Gas chromatogram of volatile compounds emitted by fully open flower of Vanda Mimi Palmer during the highest peak at 2:00 pm: 1 ocimene, 2 linalool oxide, 3 linalool, 4 methylbenzoate, 5 phenylethanol, 6 benzyl acetate, 7 formanilide, 8 phenylethyl acetate, 9 indole, and 10 nerolidol
Percentage of a terpenoid, benzenoid/phenylpropanoid and other compounds and b each compound in the scent of fully open flower of Vanda Mimi Palmer. The pie charts show the percentage of each individual compounds and class of compounds detected in the scent of Vanda Mimi Palmer during the highest peak of scent emission at 2:00 pm
Profiles of Vanda Mimi Palmer’s Scent Emission
Floral scent analyses in a 24-h cycle as summarized in Fig. 5a and b show that the emission of terpenoids as well as benzenoid/phenylpropanoid compounds were detected as early as 6:00 am (dawn). The emissions of the compounds were detected to increase gradually until the highest peak in the early afternoon (at 2:00 pm) followed by a gradual decrease towards the evening. Among the terpenoid compounds, two monoterpenes (ocimene and linalool) were dominant throughout the day while linalool oxide (monoterpene) and nerolidol (sesquiterpene) were only detected in trace amounts at 2:00 pm (see Fig. 5a). The emission pattern of benzenoid/phenylpropanoid compounds (methylbenzoate, benzyl acetate, and phenylethyl acetate) were detected to be similar to the emission pattern of terpenoid compounds, detected early at dawn, increased gradually and peaking in the early afternoon, and followed by a gradual decline until late evening. Another compound classified in benzenoid/phenylpropanoid class which is phenylethyl alcohol (phenylethanol) was only detected in trace during the highest peak at 2:00 pm. After 6:00 pm, neither terpenoid nor benzenoid/phenylpropanoid compounds was detected from the flowers throughout the night until pre-dawn. Scent analyses at three developmental stages (bud, half-open flower, and fully open flower) in Fig. 6 reveals no detectable volatile compounds emitted from the bud stage.

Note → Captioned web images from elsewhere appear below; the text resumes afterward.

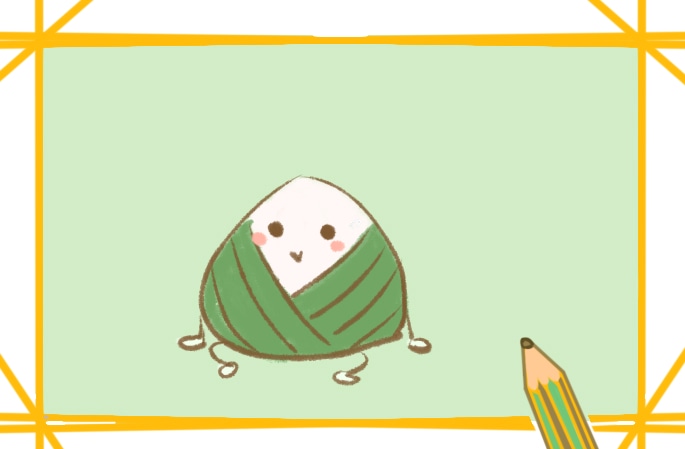 端午節(jié)勵(lì)志<a href=http://www.inspiredelm.com/zhufuyu/ target=_blank class=infotextkey>祝福語</a>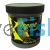 Xtreme Marine Big Fella 3mm Sticks 301g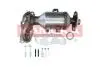KATALIZATOR KAMOKA 8015008 (фото 1)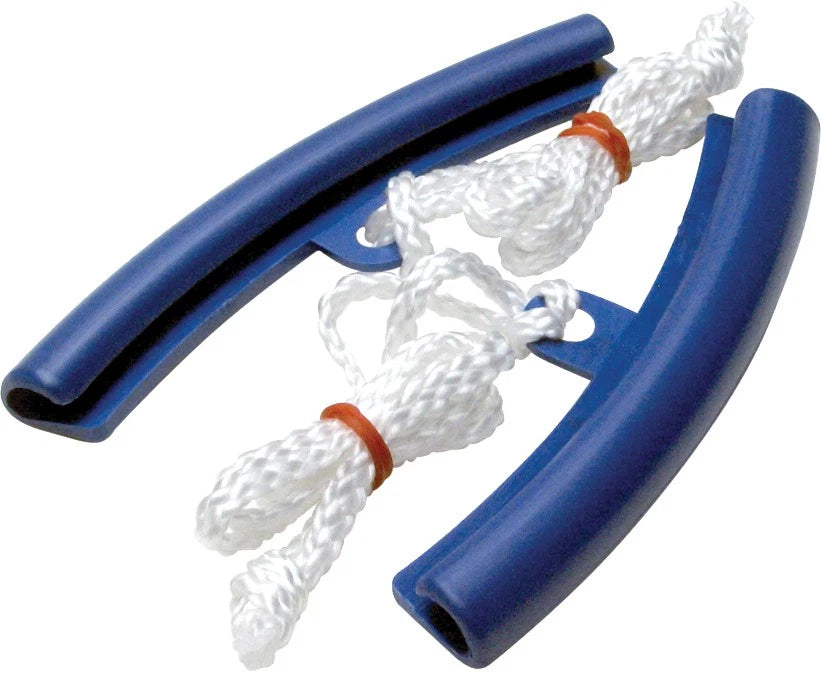 Rim Protector for Misc Tools (08-0357)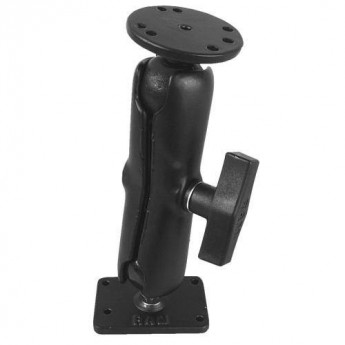 Программный компонент WENGLOR FISZ-BW-01 548291 Программный компонент WENGLOR FISZ-BW-01 548291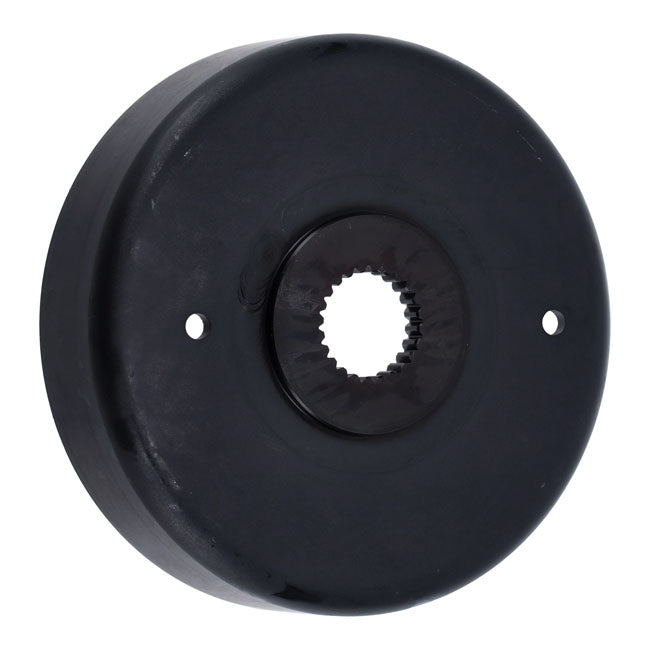 Alternator rotor 50A — 12-16 Softail; 12-16 Dyna; 11-16 FLT/Touring (NU)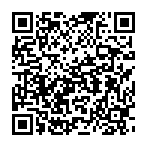 www.house-info.idv.tw房屋網-找貢寮房子-QRCode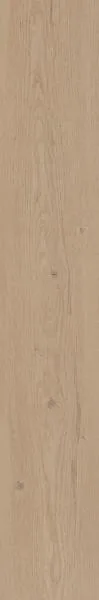 Soulwood Almond Struktura Mat. керамогранит 19,8x119,8 943117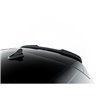 Maxton - Becquet V.1 Volkswagen Golf Mk8 Facelift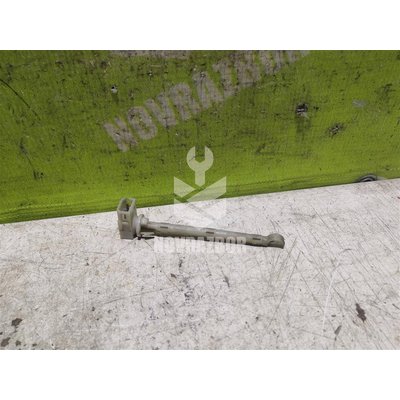 Датчик температуры BMW 5-серия E28 81-87 Датчик температуры BMW 5-серия E28 81-87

In the half-open flower stage, only five compounds were found to be emitted by the flower including ocimene, linalool, methylbenzoate, benzyl acetate, and phenylethyl acetate. At this blooming stage, two monoterpene compounds (ocimene and linalool) were detected at very high levels compared to other compounds. While benzenoid/phenylpropanoid compounds such as methylbenzoate, benzyl acetate, and phenylethyl acetate were detected at a very low level compared to the terpenoid compounds in half-open flower stage. In fully open flower stage, all the ten volatile compounds were detected in the scent of Vanda Mimi Palmer. The benzenoid/phenylpropanoid compounds (benzyl acetate and phenylethyl acetate) were detected at the highest level in the total scent of this developmental stage.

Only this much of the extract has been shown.